### [Task statement]
Your job is to set down the stretch of entries that opens with the line containing "IMAGE: 01/22/1950" and closes with the line containing "判斷老公出軌最簡(jiǎn)單的辦法-老公出軌如何調(diào)查微信". Keep both end lines, copy each exactly, and add nothing.

### [Data supplied]
══════════

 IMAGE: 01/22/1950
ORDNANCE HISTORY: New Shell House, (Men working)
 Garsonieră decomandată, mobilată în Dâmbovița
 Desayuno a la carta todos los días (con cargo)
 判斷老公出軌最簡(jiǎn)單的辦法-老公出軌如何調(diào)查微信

══════════

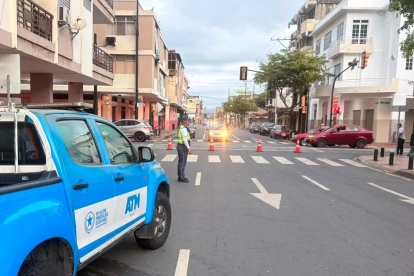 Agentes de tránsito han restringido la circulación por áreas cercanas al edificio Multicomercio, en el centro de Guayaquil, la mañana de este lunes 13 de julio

══════════

### [Response to this exercise]
 IMAGE: 01/22/1950
ORDNANCE HISTORY: New Shell House, (Men working)
 Garsonieră decomandată, mobilată în Dâmbovița
 Desayuno a la carta todos los días (con cargo)
 判斷老公出軌最簡(jiǎn)單的辦法-老公出軌如何調(diào)查微信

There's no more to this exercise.